On constate donc que, depuis la naissance jusqu’à l’âge adulte, le jeu est présent en permanence pour faciliter la découverte progressive de la musique jusqu’à sa maîtrise complète. Dans la panoplie des procédures existantes, on peut certes être attiré par celles qui sont proposées par les nouvelles technologies. Mais il ne faudrait pas mettre au rebut les jeux de société traditionnels (notamment le Trivial Pursuit) qu’on peut facilement adapter avec un peu d’imagination et de patience. Il y a aussi les nombreux jeux de questions-réponses qui font les beaux jours de la télévision.

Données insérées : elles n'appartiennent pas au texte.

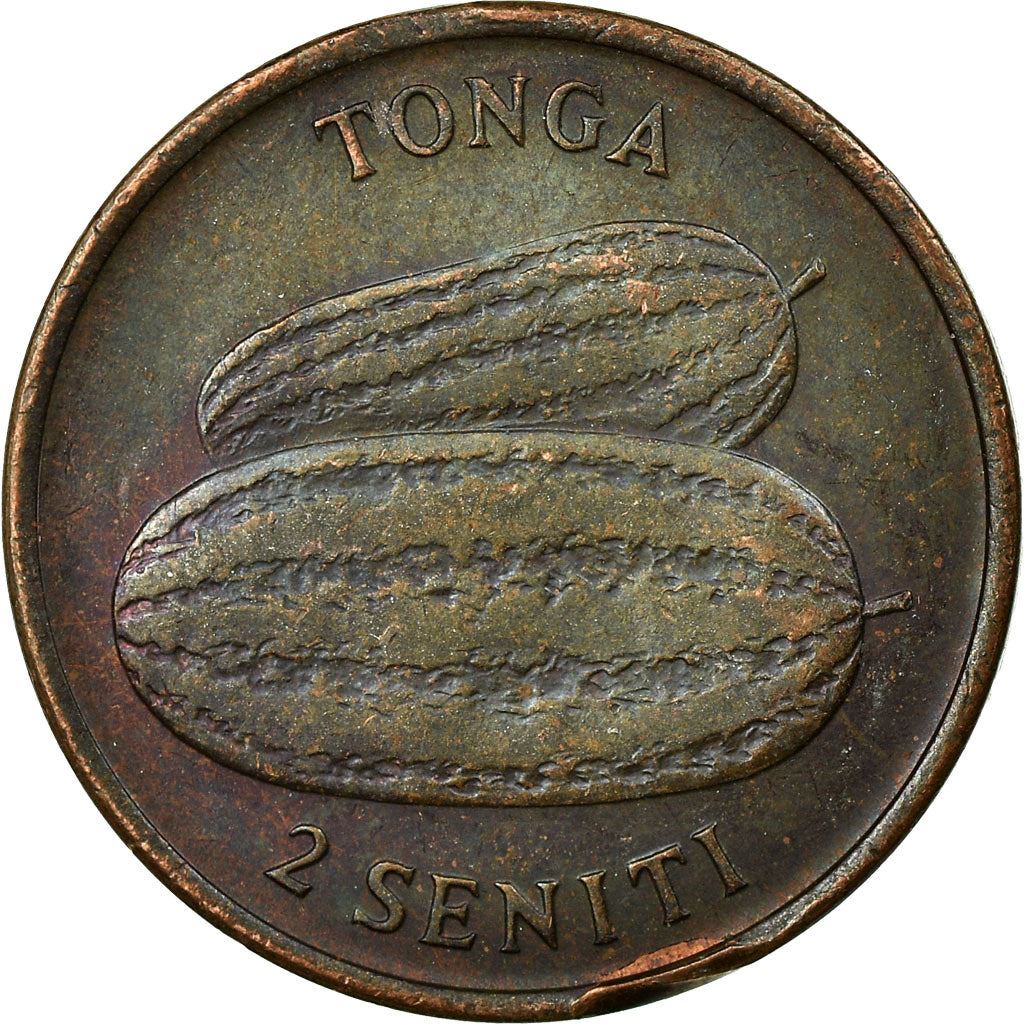 Tonga | Moneta da 2 Seniti | Anguria | FAO | Km:43 | 1975 - 1979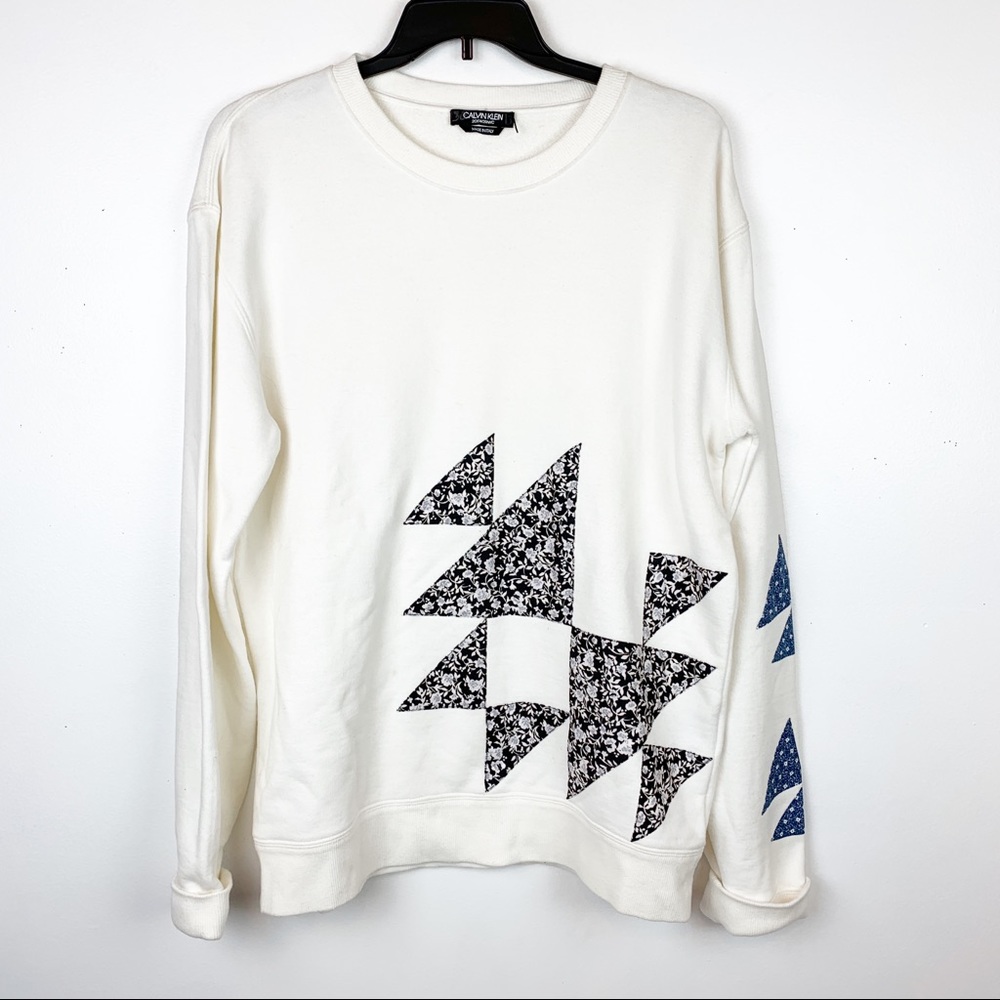 NWOT LUXURY CALVIN KLEIN NYC  SWEATSHIRT.  SIZE XL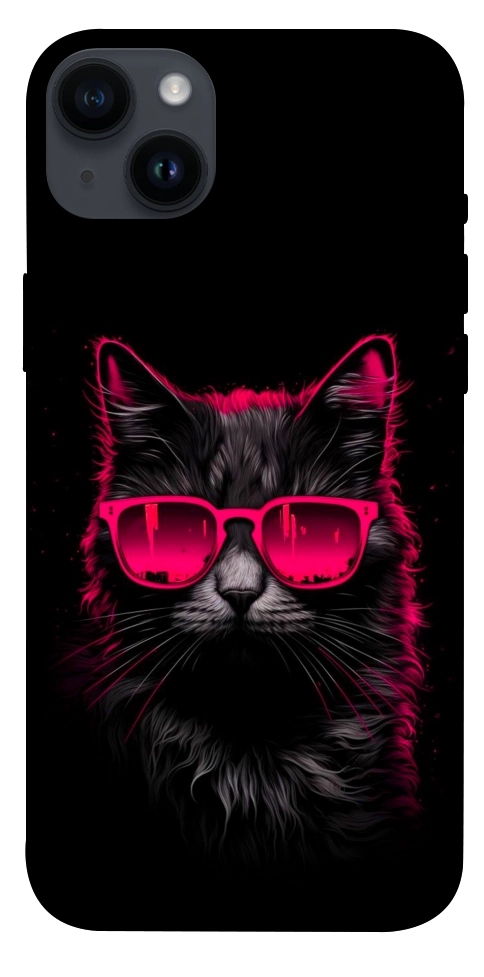 Чехол Cyberpunk cat для iPhone 14 Plus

L’Ecole joue un rôle essentiel dans la formation du goût musical des enfants. Face à l’énorme entreprise de conditionnement menée par les industries de la variété commerciale, les quelques séances consacrées à des jeux de création, associées à des jeux d’écoute attentive d’œuvres du répertoire, peuvent efficacement faire pencher la balance dans le bon sens. De nombreux outils sont à la disposition des enseignants qui veulent favoriser chez l’enfant une démarche d’appropriation et de création de la musique classique, plutôt que la réception passive d’une soupe industrielle.